In one embodiment, the second carbon nanotube structure 214 is grown on the catalyst particles 213 dispersed in the first carbon nanotube structure 212. The second carbon nanotube structure 214 includes a number of carbon nanotubes. Each of the carbon nanotubes of the second carbon nanotube structure 214 includes two opposite ends. One end is joined to the first carbon nanotube structure 212, and the other end extends far away from the first carbon nanotube structure 212.
Furthermore, if the catalyst particles 213 remaining in the first carbon nanotube structure 212 are too few, a step of depositing catalyst particles on the surface of first carbon nanotube structure 212 can be performed after step (S13) to increase the catalyst particles content of the first carbon nanotube structure 212. Thus, the first carbon nanotube structure 212 can have catalyst particles not only at the junction between two ends of adjacent carbon nanotubes but also at the surface of each carbon nanotube. The catalyst particles can be uniformly deposited by a method of electron beam evaporation, sputtering, plasma beam deposition, electro-deposition, or coating.
Furthermore, an optional step (S15) of removing the substrate 220 can be performed after step (S14).
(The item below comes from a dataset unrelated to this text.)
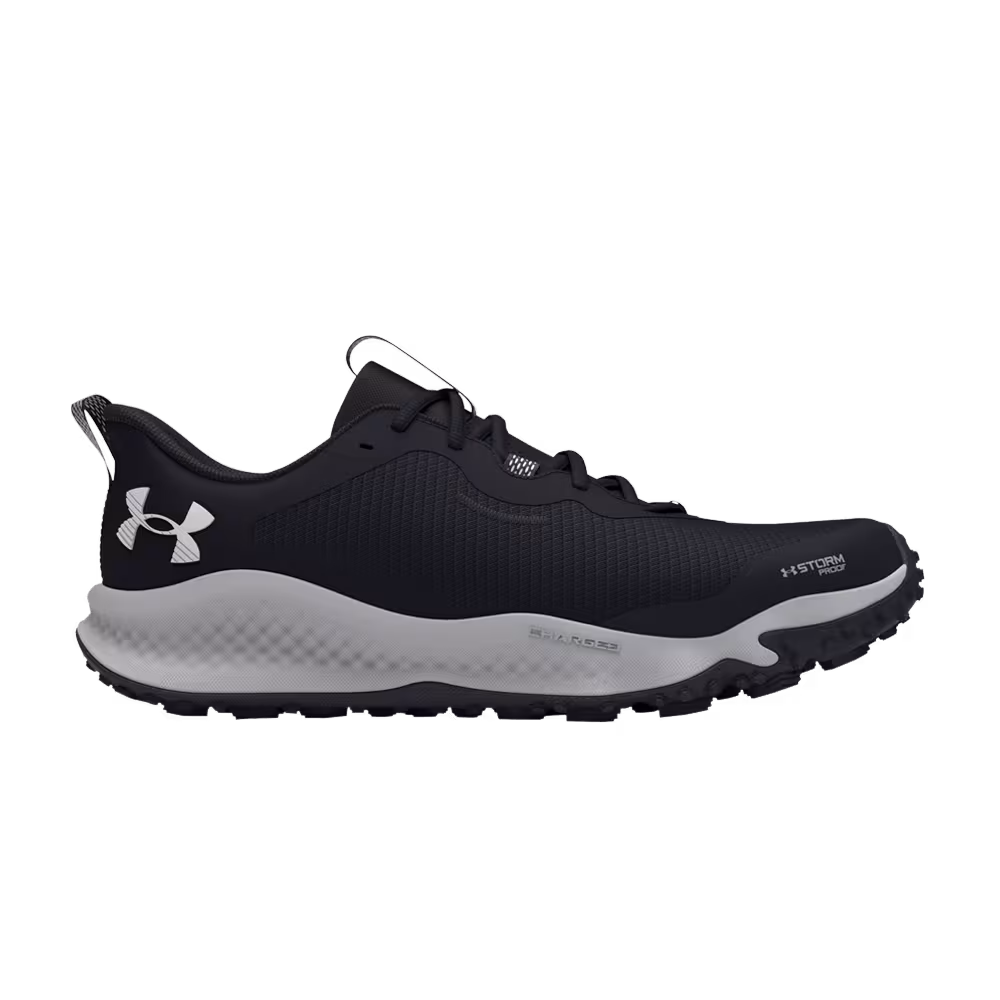 Under Armour Charged Maven Trek Black Mod Grey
The method of fabricating the composite carbon nanotube structure has the following advantages. First, the second carbon nanotube structure is grown on the first carbon nanotube structure directly drawn out from the carbon nanotube array, so the process is simple and suitable for industrial production. Second, the first carbon nanotube structure is directly drawn out from the carbon nanotube array, and does not need to be immersed into solution, so there are more catalyst particles dispersing on the surface of the first carbon nanotube structure. Third, the catalyst particles are located at the junction of adjacent carbon nanotubes of the first carbon nanotube structure, so the catalyst particles can be uniformly dispersed on the surface. Thus, it is convenient to grow carbon nanotube array on the surface of first carbon nanotube structure.
Referring to
In one embodiment, each first carbon nanotube structure 212 includes a plurality of successively oriented carbon nanotube segments joined end-to-end by van der Waals force therebetween. Each carbon nanotube segment includes a plurality of carbon nanotubes substantially parallel to each other, and combined by van der Waals force therebetween. The carbon nanotube segments can vary in width, thickness, uniformity, and shape.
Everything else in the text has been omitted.